## Data supplied:
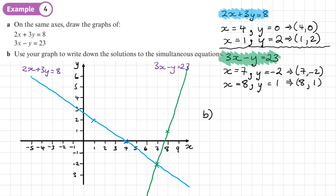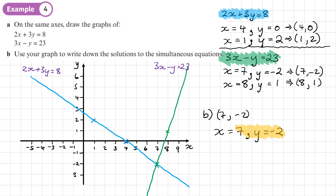The point of intersection is the coordinate (7, −2), but we need to write it as a solution to the simultaneous equation: x equals 7, y equals negative 2. Remember, a coordinate is a point of intersection whereas a solution is a value of x and a value of y — don't write a solution as a coordinate, write x and y separately. I could verify this using algebra.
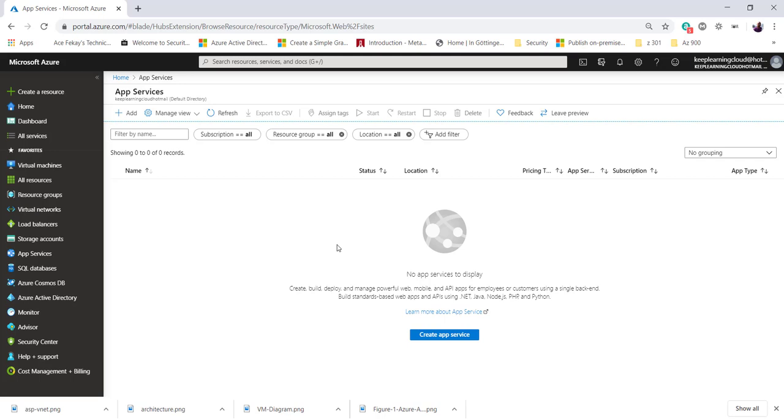Now that you know the App Service plan is a compute resource where you'll be hosting your applications, you can potentially save money by putting multiple applications in one App Service plan. You can continue to add applications to an existing plan, but keep in mind that all these applications will consume resources on the same App Service plan. Overloading an App Service plan will cause potential downtime for your new and existing applications.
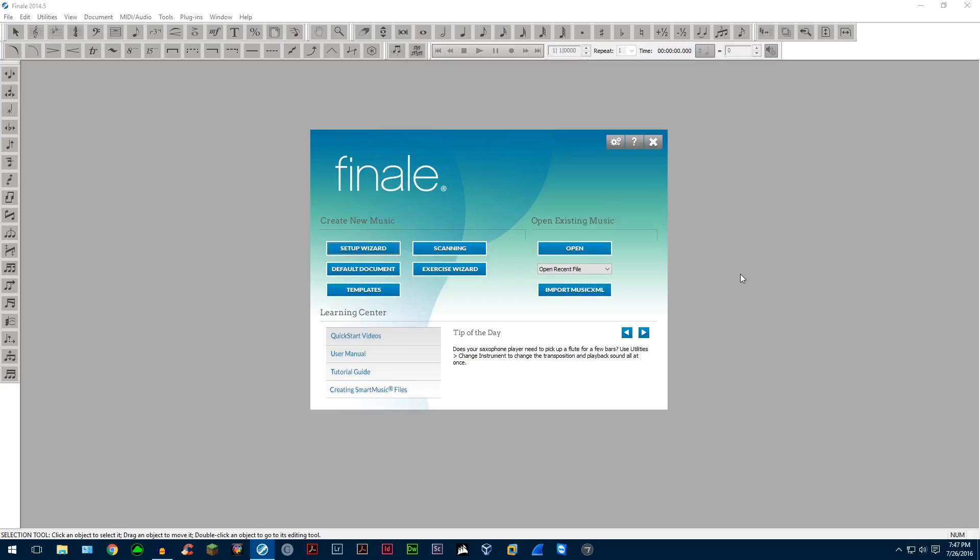Hello everyone. Today I'm going to show you how you can get started with Finale 2014.5. Now as of making this video, this is the latest version of Finale up to date. Right now is 2014.5.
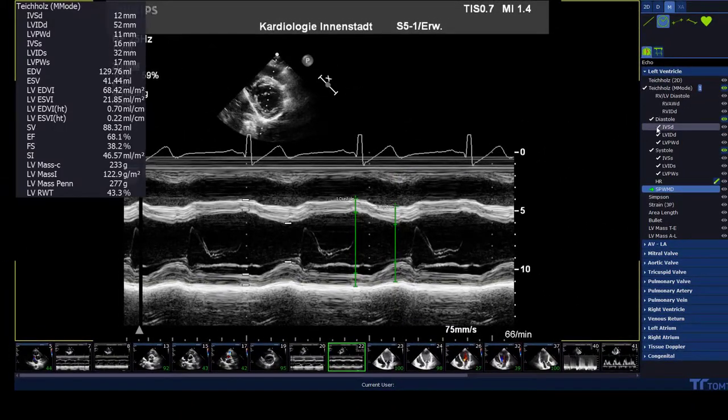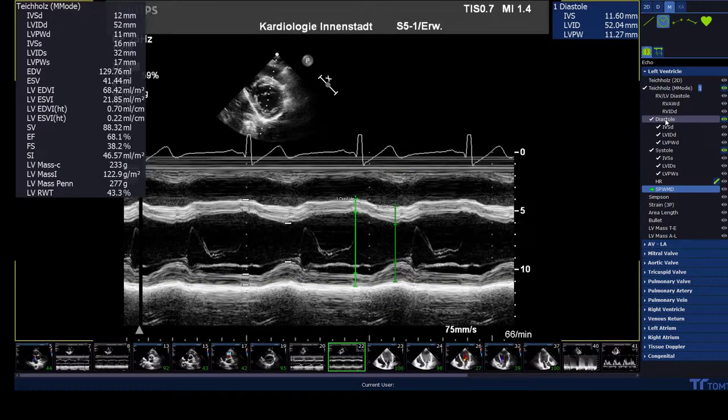In the end, the results can be reviewed on the left side by moving the mouse over the opened package in the measurement menu.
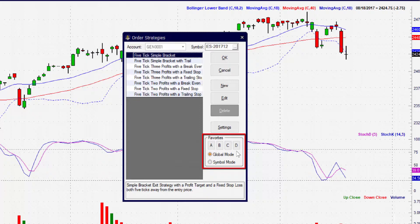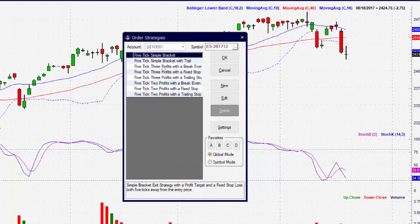Directly under these buttons are toggles marked global mode and symbol mode. These toggles will give you the option to use different exit strategies for different symbols, or to apply one set of strategies across all of your symbol charts. These are huge time savers, and simply clicking the toggle will enable the selected mode.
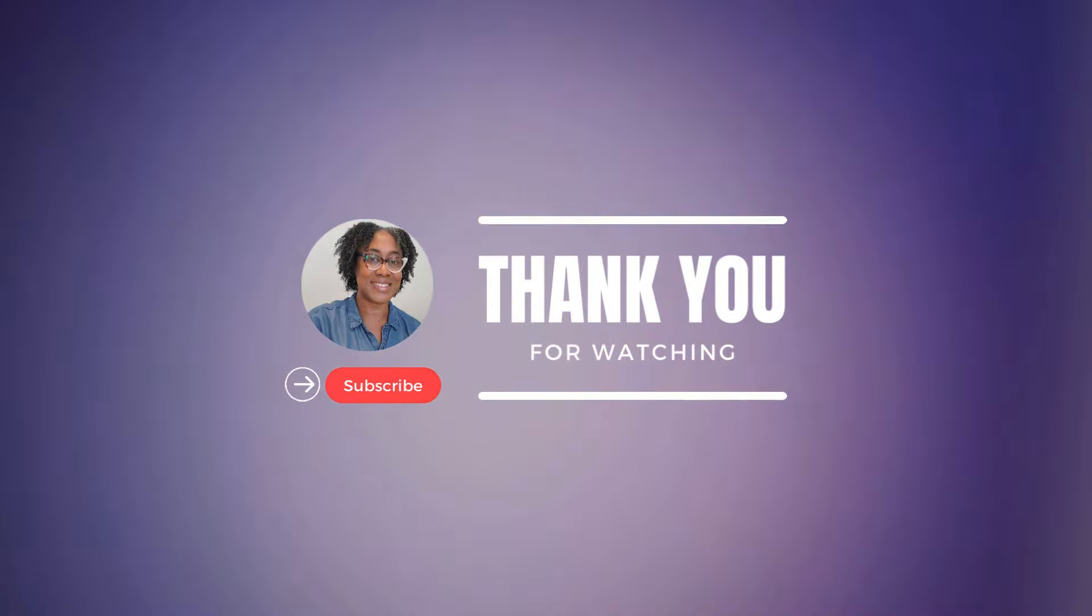I wish you guys all the best in your work-from-home journey. I want to thank you so much for watching. Make sure you like and share this video, and I'll see you in the next video. Take care.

## Your assignment:
All that belongs in the answer is the exact run of lines from the line containing "Hello everyone. Today" to the end of the listing above, pictures removed.

## Response box:
Hello everyone. Today I'm going to show you how you can get started with Finale 2014.5. Now as of making this video, this is the latest version of Finale up to date. Right now is 2014.5.
In the end, the results can be reviewed on the left side by moving the mouse over the opened package in the measurement menu.
Directly under these buttons are toggles marked global mode and symbol mode. These toggles will give you the option to use different exit strategies for different symbols, or to apply one set of strategies across all of your symbol charts. These are huge time savers, and simply clicking the toggle will enable the selected mode.
I wish you guys all the best in your work-from-home journey. I want to thank you so much for watching. Make sure you like and share this video, and I'll see you in the next video. Take care.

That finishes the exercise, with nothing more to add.